Identifying when a NERC CIP Mock Audit may be right for you
Many entities struggle to demonstrate compliance with NERC CIP Security Standards. Common issues include:
- Reliability Standard Audit Worksheets (RSAWs) with unfocused or irrelevant verbiage, or that only rehash Requirements or statements pulled from the entity’s security policy, rather than offer a clear roadmap of the controls and documentation provided,
- SMEs unprepared for the GAGAS “show me the evidence” style of questioning, inconsistent procedures and technical controls across business units (power, IT, physical security), and
- irrelevant or excessive documentary evidence provided to demonstrate compliance.
Such issues can lead to a difficult NERC CIP audit characterized by lengthy and
potentially unresolved lines of questioning, numerous after-business hours devoted each
night to fulfilling data requests, and having areas unnecessarily deemed non-compliant.
N&ST’s approach: Confidence comes practice
N&ST has developed an offering to assist an entity in becoming better prepared for its NERC CIP Audit by its Regional Entity (RE). Led by two senior consultants with direct experience working with REs, both on and off official Audit Teams, the engagement follows the general approach and format of an official audit. Sessions interleave coaching discussions with SMEs regarding strategies, tactics, and targeted wording to use in response to auditor questioning. Thus, the SMEs will become prepared in responding to questions and discussing their evidence in a manner that facilitates the goal of the Audit Team: to determine compliance.
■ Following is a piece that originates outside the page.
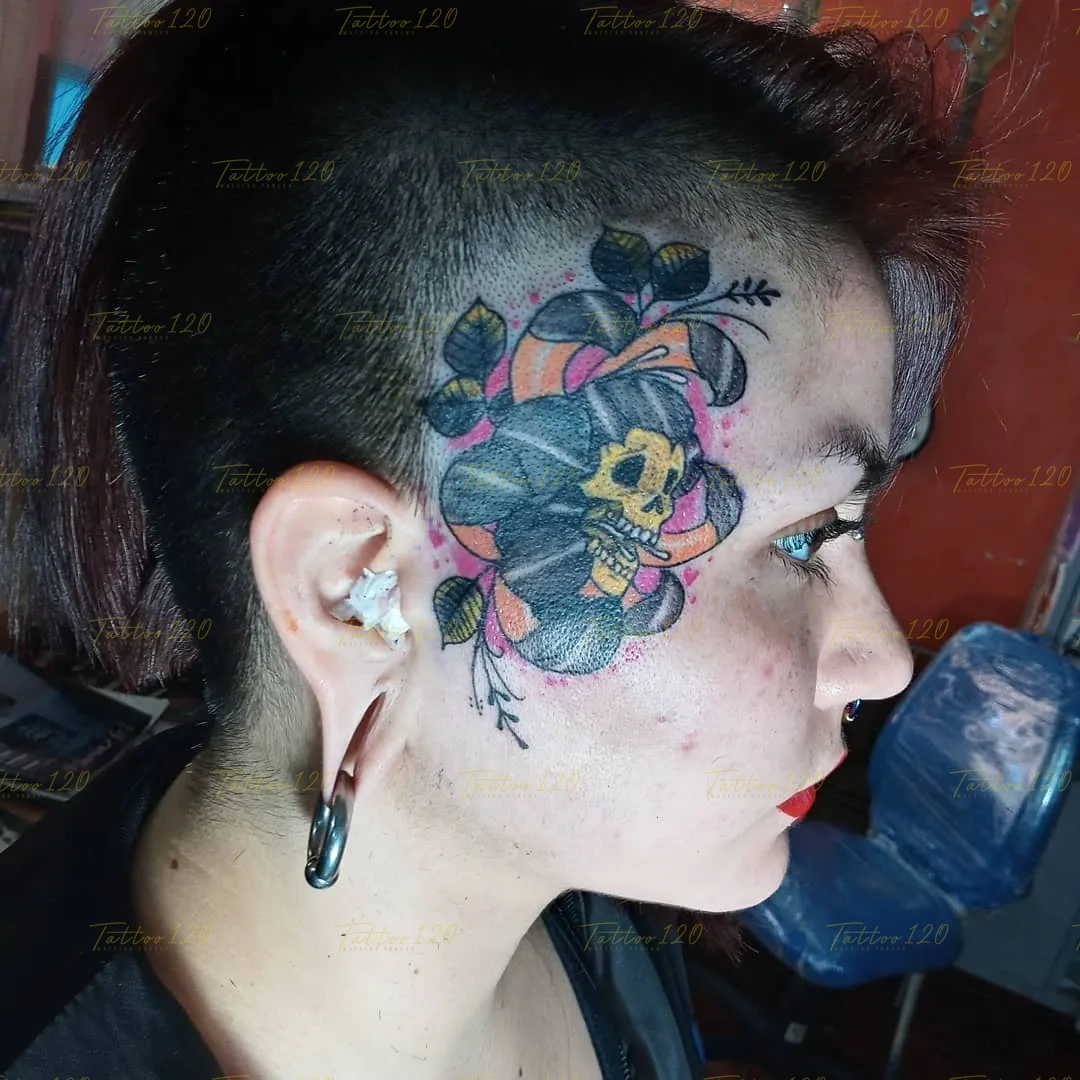 Tatuaje en la sien y cabeza de una calavera amarilla integrada dentro de una gran flor negra con hojas y fondo rosa, en estilo de tradicional y neo tradicional, realizado en el estudio Tattoo120 en Colina, Región Metropolitana.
During the engagement all 43 requirements in the eight Standards (CIP-002-009) are evaluated, although ad hoc coaching advice, discussion around particular SME responses, as well as a need for prolonged focus on certain requirements, may limit deep analysis of all Requirements or a Standard as a whole.
N&ST encourages representatives from Internal Audit and Legal, in addition to the core NERC CIP compliance team and SMEs, to participate in the Mock Audit to become familiar with the style of questioning and the burden of proof on the organization.
The dress rehearsal
N&ST begins the engagement – a rehearsal for the actual audit – by reviewing the entity’s RSAWs and other evidence they intend to present for compliance determination. SME interviews are conducted to simulate the GAGAS approach, using the RSAW to guide the questions and interpret other evidence. Sessions are started with an “auditor hat on”, unless issues arise during the interview, such as inappropriate verbiage, volunteering information, or “deer in headlights” occasions, that would initiate “hats off” discussions. The line of questioning may reveal the need to make changes to the materials provided as evidence – additions, modifications, and even removal of irrelevant items. Inconsistencies in policy, process, procedures, and evidence across responses from the power, IT, and physical security SMEs will be discussed with the group, noted and recorded by the entity, and captured in the workbook created by the N&ST consultants to log evidence presented. At the conclusion of the interview portion of the engagement, SMEs should be better able to convince the Audit Team that the entity practices what is documented. They will do this by “painting a picture” of policy impact, enacted procedures, and implemented controls intended to reduce unauthorized access.
N&ST will deliver two documents at the conclusion of the engagement. The first is a workbook listing observations, compliance opinion, and recommendations for each individual Requirement in the Standards. The other is a presentation summarizing the findings and recommendations, as well as some reminders for preparing for the audit.
The lessons learned during the “dress rehearsal” should result in an audit characterized by workdays ending at a reasonable hour, a small number of data requests, and SMEs not so drained they cannot return to their desks and work. Most of all, there should not be any surprise “Potential Violations” beyond known gaps in controls. In some cases, a low-anxiety audit may lead to free advice from the RE Audit Team.
Options to customize the Mock Audit to your specific needs
There are three optional modules that may be incorporated into the Mock Audit to ensure that it is custom tailored to address the individual needs of the entity:
- SME Workshop: Some SMEs, frequently the more technically proficient, have never participated in any type of audit. N&ST has developed a one-day workshop to introduce these SMEs to the audit experience. Role play exercises have been developed to simulate actual lines of questioning, and to demonstrate behaviors SMEs should exhibit when in front of the RE Audit Team. This workshop is best placed at the start of the engagement, ensuring that the SMEs are better prepared for the “auditor hats on” interviews that will be conducted as part of the Mock Audit.
- Document (Re)writing: Once the interviews have been completed, the entity may desire assistance in writing or updating the RSAWs. Well written responses in these documents should guide the Audit Team to understand the programs, controls, and evidence provided for compliance determination by painting a picture of the overall program and materials provided. These responses should present unified approaches that may be implemented separately by the power, IT, and physical security business units. Additional types of documents may also be reviewed and edited by the N&ST consultants, such as policies, programs, and procedures.
- Individualized SME Coaching: During interview sessions, N&ST and/or members of the entity’s business units, may flag certain SMEs requiring additional coaching. Either in a small group setting or one-to-one, N&ST will work with these SMEs to practice interview skills to become more relaxed and proficient at handling ad hoc questions in an intuitive manner.